Low-Latency Video Face Detection and Image Segmentation, an Application

The following summary relates to a computer vision project and it's implementation for course CS583 at Drexel University. I worked alongside two fellow graduate students to design, implement, and test the solution. My duties were largely involved in developing the code-base to improve application performance and modularity.

Application Structure and Results

Program Control Flow

Our implementation is centered around reading frames from OpenCV's VideoCapture module. The main process thread is responsible for initializing all necessary components, capturing frames, creating a shared memory block for each frame, and then finally passing the frame in shared memory to an input queue. Based on the number of available user CPU cores, each frame is sequentially processed by a different core (worker process) and returned to a priority output queue. Setting up shared memory in this way allows for efficient handling of the frames as worker processes can access the shared memory by reference; rather than sending all frame data across processes, which is more computationally expensive. As workers are passed frames, they apply our previously mentioned deep learning models to the frames for processing (image segmentation and face detection). Blurring and other operations are also performed by these workers. We utilized a priority output queue to ensure that frames are processed and returned to the main thread in the correct order for accurate video streaming. The main thread finishes by checking the output queue for processed frames and displaying them on the user's screen. The below chart illustrates our overall program control flow.

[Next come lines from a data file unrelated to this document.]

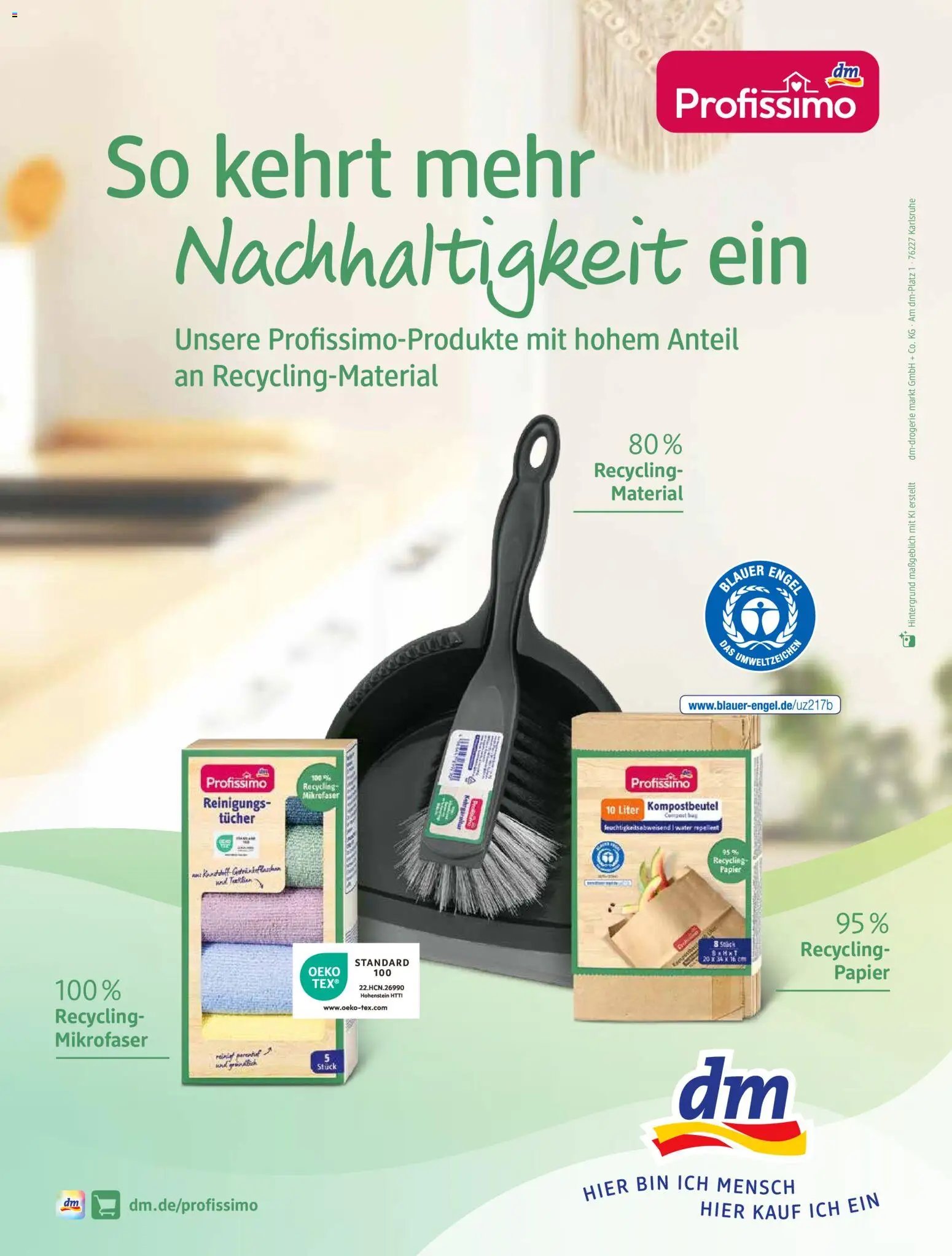 dm drogerie Prospekt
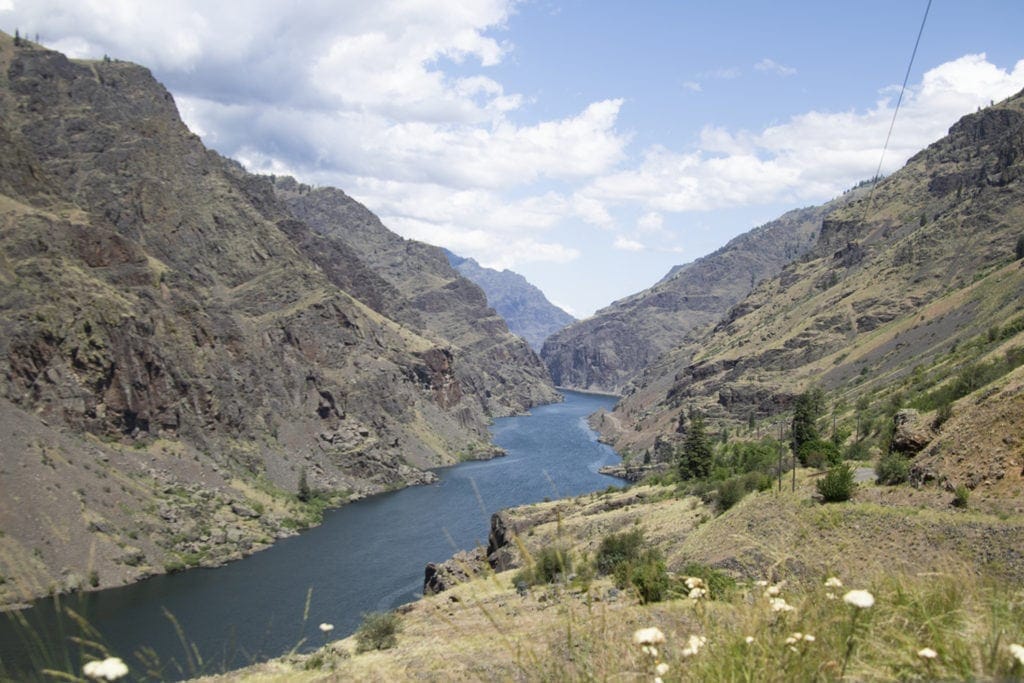 17 Best Day Hikes in Oregon You Don’t Want to Miss (Dog & Family-Friendly) A beautiful view of Hells Canyon in Oregon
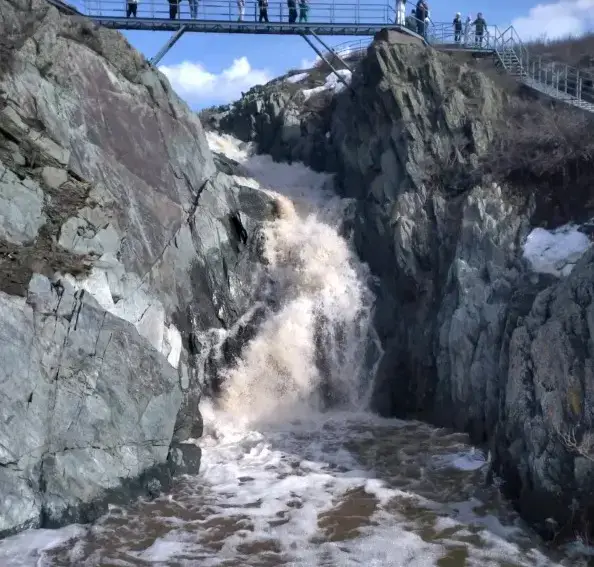 Развитие внутреннего туризма как способ вовлечения молодежи и популяризации местного наследия в Актюбинской области Астане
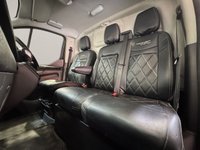 USED 2022 72 FORD TRANSIT CUSTOM 2.0 300 EcoBlue Limited Panel Van 5dr Diesel Auto L1 H1 Euro 6 (130 ps) 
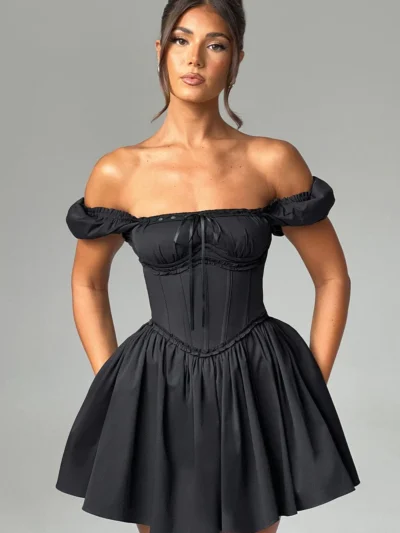PENELOPE MINI DRESS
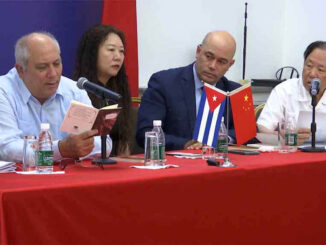Conferencia sobre Diálogo de Civilizaciones.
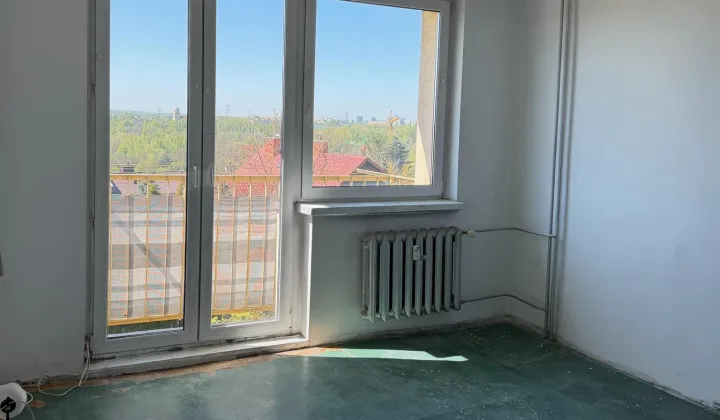 Mieszkanie 2-pokojowe Sosnowiec Milowice, ul. Krzysztofa Kamila Baczyńskiego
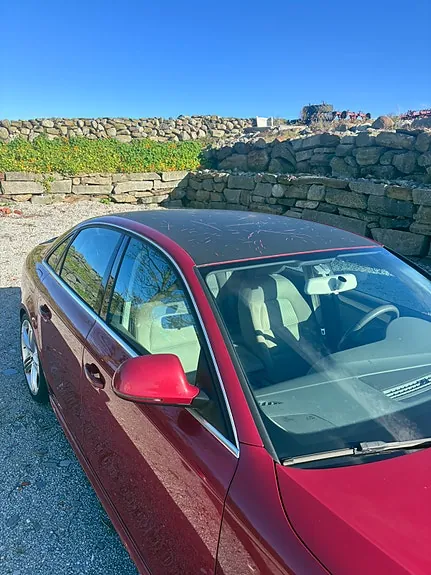 Audi A4 2009 photo 5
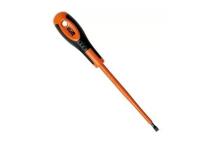 Destornillador Aislado Punta Plana 6.5x150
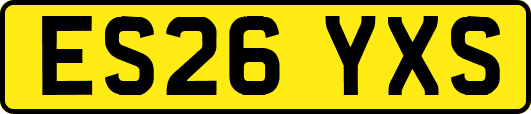 ES26YXS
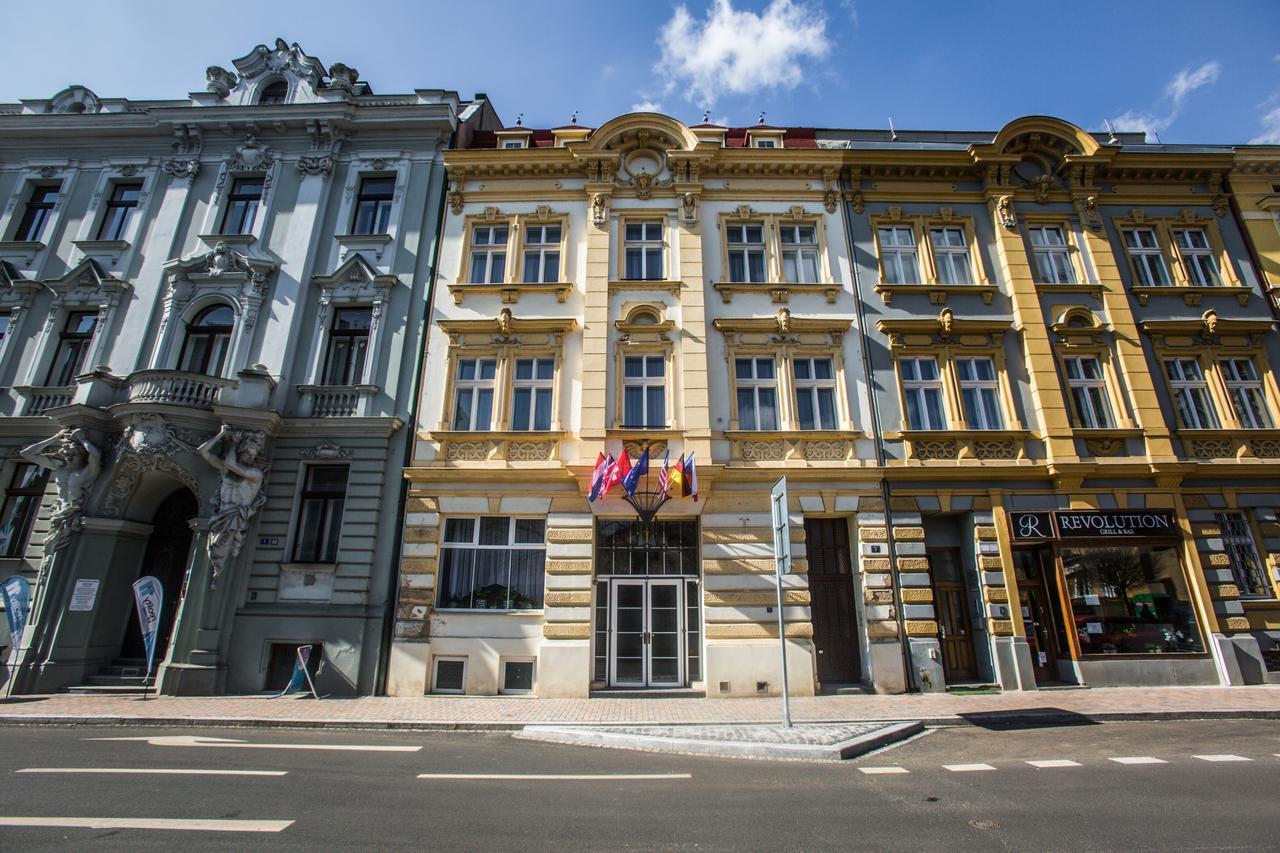 Hotel Dejmalik Litoměřice Eksteriør bilde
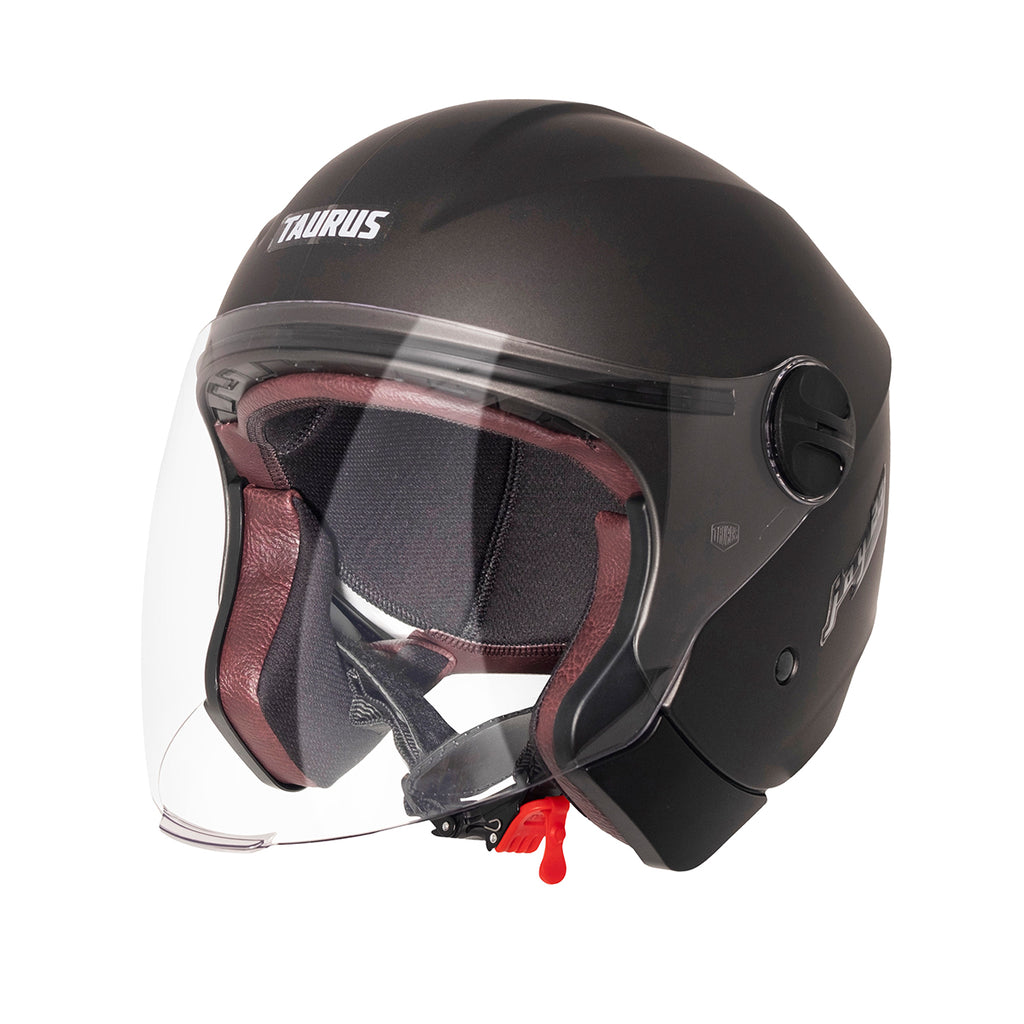 Capacete Joy23 By Taurus II Cinza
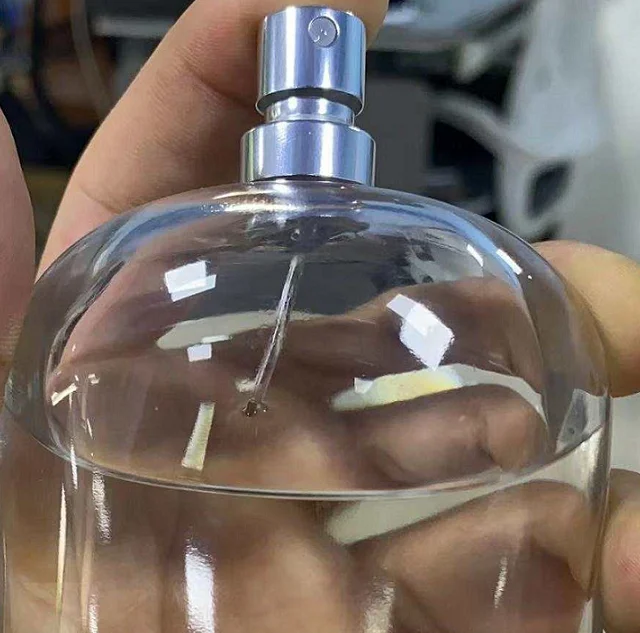 Лидер продаж алюминиевый обжимной распылитель для духов серебристого золотистого черного цветов 15 мм 18 20 насос создания тумана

Program Control Flow Diagram
Program Control Flow Highlighting Main and Worker Processes

CPU Multiprocessing

With our implementation written in Python, we utilized Python's built-in multiprocessing library to create worker processes. The standard Queue data structure associated with this library proved to be insufficient. Due to inconsistent processing times across CPU cores, worker processes cannot be assumed to return processed frames in the same order they were received. Given our program structure it was most suitable to implement priority queues rather than the standard FIFO data structure. Priority queues in Python are implemented using a min-heap data structure, which ensures the parent node is smaller than the subsequent child nodes. In our case, "smaller" pertains to an earlier frame.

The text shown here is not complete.